Saham balap mobil Formula 1 baru saja diakuisisi oleh Liberty Media. Perusahaan asal Amerika Serikat tersebut bermaksud ingin mengubah regulasi soal pemangkasan distribusi hadiah bagi para tim besar.

Sebelumnya, sesuai dengan Perjanjian Concorde antara FIA, Tim Formula 1 dan Grup F1, tim besar seperti Ferrari. Red Bull. Mclaren, Mercedes dan Williams berhak mendapatkan hadiah tambahan.

Tidak disebutkan berapa besar keuntungan yang diperoleh oleh tim besar itu atas regulasi lama. Namun seperti kita tahu, pada musim lalu tim dengan kekuatan finansial tidak mumpuni seperti Manor Racing terpaksa gulung tikar.

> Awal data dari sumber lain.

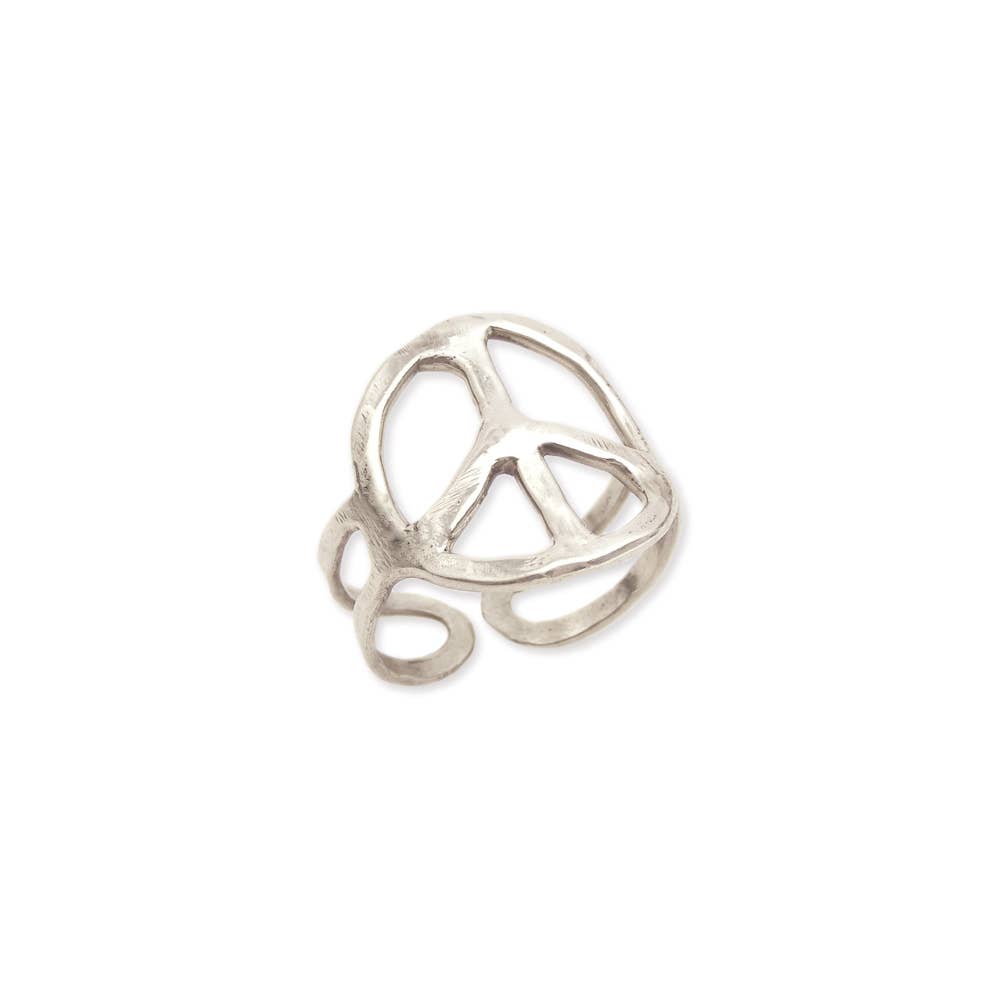 ZAD - Woodstock Vibes Silver Peace Sign Ring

Greg Maffei, Presiden Direktur Liberty Media menyebutkan, kami berharap dengan adanya sistem insentif dan saham yang kami tawarkan dapat membantu kami menerapkan sistem pendistribusian hadiah yang adil dan lebih kompetitif.

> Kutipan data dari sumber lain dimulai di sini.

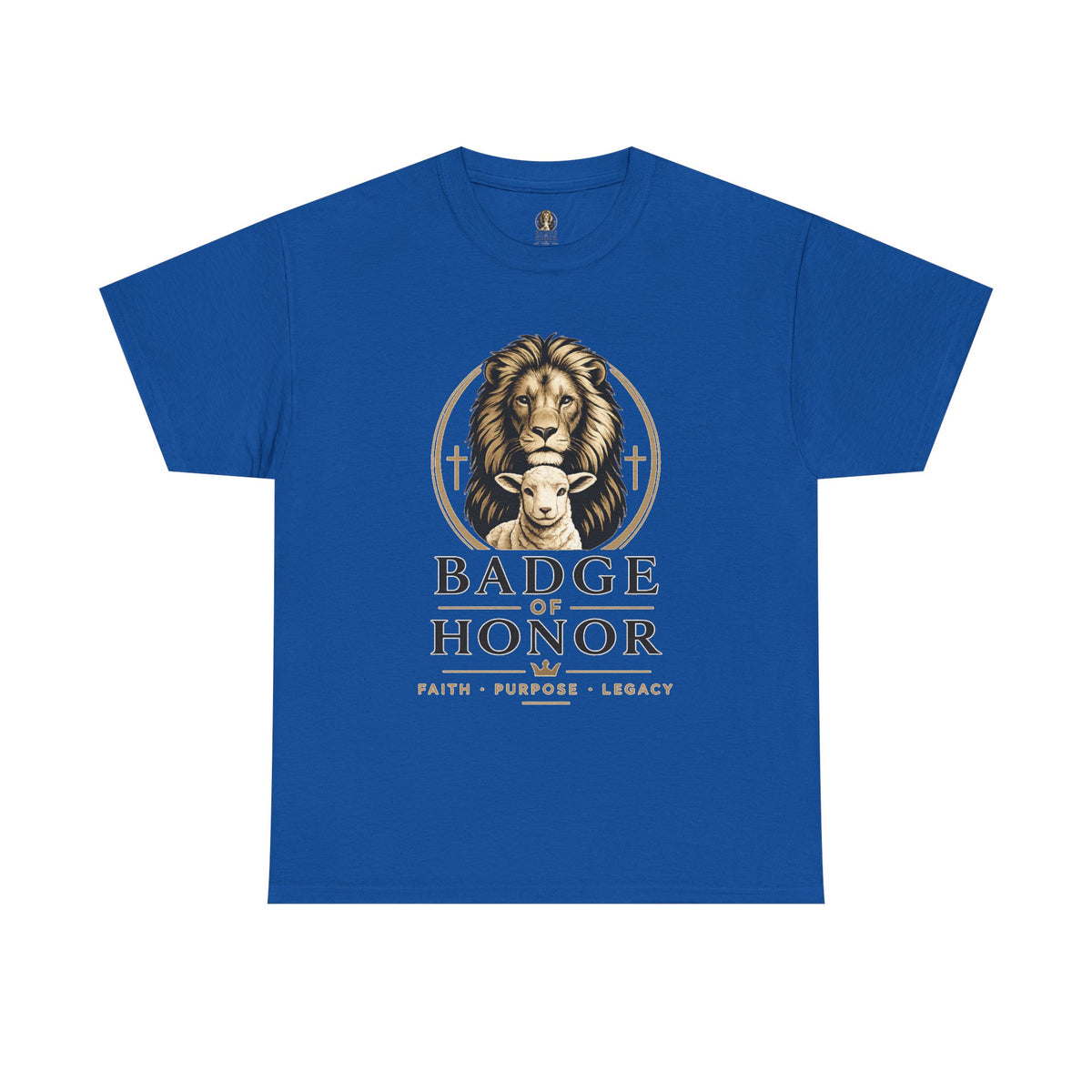 "Badge Of Honor" Lion Graphic Tee (Faith • Purpose • Legacy)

Lebih lanjut Maffei mengatakan, bahwa aturan pembatasan pengeluaran biaya menjadi salah satu strategi yang ingin diterapkan oleh Liberty agar peta persaingan dapat lebih merata.

“Saya pikir hal itu sudah masuk dalam komentar saya mengenai lingkungan balap yang lebih kompetitif dan menciptakan sebuah event yang seru dan penuh dengan peluang,” sebut Maffei seperti dikutip dari Motorsport.

Sebelumnya diketahui perusahaan Liberty Media sepakat mengambil alih bisnis balapan Formula 1. Pemilik perusahaan, John Malone mengumumkan telah membeli F1 dalam bentuk saham dan uang tunai sebesar US$ 4,4 miliar atau setara Rp 57,5 triliun pada September tahun lalu.